Since he worked out a deal with Jefferson Parish in June, he is being hailed by contractors across the state as a hero for standing up for his rights.


The project had an original cost of $26 million, which grew to $54 million, but was troubled before it began. At the pre-bid conference, Caldarera pointed out 110 design problems to an owner’s representative and the project’s designer.


“They said, "Forget the questions, they can be answered in the formal RFI process with whatever contractor is lucky enough to get the contract,’” Caldarera said.


Some of the 508 major errors in the project’s plans that required new drawings included just one ingress/egress for the 1,100-seat center and two elevators so poorly designed that they didn’t go all the way up to the top. Overhead electric doors were designed with no power source. The local fire marshal visited the job site 10 times, rather than the one or two times that’s usual in the area.


Despite these problems and not being paid more than $8 million for completed work he was owed since 2011, Caldarera stayed on the project after the parish offered him $1 million in January to continue to work.


After repeated delayed payments by the parish over the years, Jefferson Parish Council in early June was considering declaring Caldarera in default. The threat was issued after the job’s designer recommended to council that Caldarera be paid an additional $4 million for his work, which brought the total owed to his company to $12.7 million.
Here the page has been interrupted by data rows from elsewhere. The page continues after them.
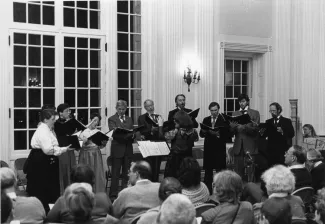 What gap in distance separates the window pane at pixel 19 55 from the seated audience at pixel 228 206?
551 centimetres

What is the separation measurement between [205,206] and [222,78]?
629 centimetres

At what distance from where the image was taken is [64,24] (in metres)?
8.30

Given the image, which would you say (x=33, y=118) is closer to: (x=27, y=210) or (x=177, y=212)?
(x=27, y=210)

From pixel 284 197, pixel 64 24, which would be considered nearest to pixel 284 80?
pixel 64 24

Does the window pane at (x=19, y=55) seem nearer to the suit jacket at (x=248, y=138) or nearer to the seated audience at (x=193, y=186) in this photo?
the suit jacket at (x=248, y=138)

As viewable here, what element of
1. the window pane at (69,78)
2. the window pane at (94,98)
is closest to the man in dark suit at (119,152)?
the window pane at (94,98)

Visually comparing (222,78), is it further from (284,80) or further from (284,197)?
(284,197)

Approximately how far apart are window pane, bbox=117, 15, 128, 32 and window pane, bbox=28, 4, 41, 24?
1491 mm

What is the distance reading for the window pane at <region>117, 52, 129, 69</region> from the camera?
8781 millimetres

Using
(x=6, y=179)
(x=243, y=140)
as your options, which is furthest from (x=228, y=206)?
(x=243, y=140)

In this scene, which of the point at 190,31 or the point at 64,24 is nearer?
the point at 64,24

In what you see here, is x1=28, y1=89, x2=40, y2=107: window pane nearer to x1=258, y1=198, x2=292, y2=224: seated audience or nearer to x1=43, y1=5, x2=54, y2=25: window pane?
x1=43, y1=5, x2=54, y2=25: window pane

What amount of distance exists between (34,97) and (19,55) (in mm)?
760

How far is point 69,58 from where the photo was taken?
27.4 ft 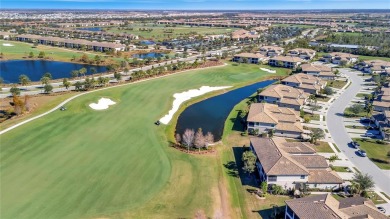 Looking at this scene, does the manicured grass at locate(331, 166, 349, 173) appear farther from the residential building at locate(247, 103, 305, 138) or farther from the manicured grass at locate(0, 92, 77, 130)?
the manicured grass at locate(0, 92, 77, 130)

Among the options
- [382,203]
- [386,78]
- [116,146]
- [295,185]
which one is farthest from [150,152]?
[386,78]

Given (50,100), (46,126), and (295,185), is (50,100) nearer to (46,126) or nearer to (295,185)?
(46,126)

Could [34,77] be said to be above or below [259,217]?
above

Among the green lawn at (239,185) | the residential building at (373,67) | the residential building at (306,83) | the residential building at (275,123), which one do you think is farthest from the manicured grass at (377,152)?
the residential building at (373,67)

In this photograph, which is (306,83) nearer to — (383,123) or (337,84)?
(337,84)

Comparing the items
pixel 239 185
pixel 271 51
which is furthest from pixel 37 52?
pixel 239 185

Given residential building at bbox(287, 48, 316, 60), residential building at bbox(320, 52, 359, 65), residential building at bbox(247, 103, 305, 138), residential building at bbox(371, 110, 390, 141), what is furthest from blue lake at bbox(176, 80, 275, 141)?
residential building at bbox(320, 52, 359, 65)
“The fact is we thought we were doing a good thing when we said we’d give [council] a $3 million break from the $12.7 million,” Caldarera said. “Under the general conditions of the contract, the designer had the exclusive authority to change the drawings.


That’s pretty serious to give that authority to one individual, but the contract states that express authority is binding, unless the owner or contractor appeals, says Caldarera.


In November, the council agreed to give Caldarera $1 million to keep him working on the project. After consistently assembling the structure for years and working with the parish in good faith, Caldarera had faced a council that wanted to change the terms of his contract drastically, or default him.


“They wanted to take away rights provided for in the contract. They were trying to prevent any future change orders for any reasons whatsoever,” Caldarera said.


So when council told him they’d vote on declaring him in default, he pushed back.


By the way, Jefferson Parish Council members declined to comment on the matter.



2.     Know the Process

After the job’s second designer announced to the council Jan. 9 that the parish should pay Caldarera an additional $4+ million above the $8.2 he was owed, a line was scratched in the dirt.


“That’s when the whole thing blew up,” Caldarera said. “Instead of working through this to the benefit of the community, people kept on passing the blame till they put it on me.”


So when council made its most recent threat to declare him in default by their June 12 meeting, Caldarera stuck to his guns, because he knew he was right. And he referred to the law, demanding council give him a reason why he was in default and that they provide it to him by 5 p.m. the day before the meeting. But no reason came.


“Thank goodness they’ve seen the light,” Caldarera said, after the deadline passed.


A less seasoned owner might’ve bent under the pressure of a local government pushing him to accept major changes to a long-unfinished project. But the changes were so burdensome that Caldarera had no choice, in addition to being in the right in the first place.


The council wanted to change the contract from stipulating liquidated damages of $500/day to $25,000/day for the first 10 days and require that he forfeit a $3 million payment if he was 11 days late.

 

3.     Understand the Contract

Caldarera didn’t become one of New Orleans’ top contractors by not understanding the fine print. Plus, he teaches Bid Law to companies in seminars across the state.

 

“Owners cannot make a contract so onerous that it strips rights of the contractor provided in the original contract,” Caldarera said. “An owner has two duties: to pay and to ask questions.”



4.     Have Broad Shoulders

The owner of the 400-employee company was fortunate to have the financial resources to continue working on the project, despite not being paid what he was due for years.

 

And when the payments from Jefferson Parish did come, he divvied it up to pay subcontractors. (“I treated them like my five daughters: I treat them equally,” he explains.)


Most of the work on the arts center was self-performed by the general contractor. Other smaller firms, given the same predicament, might not have survived the pay lag.



The parish came to an agreement with Caldarera in June which requires completion of the work on the project within one year of the first of three payments totaling $9.8 million. He expects to finish the work ahead of the deadline.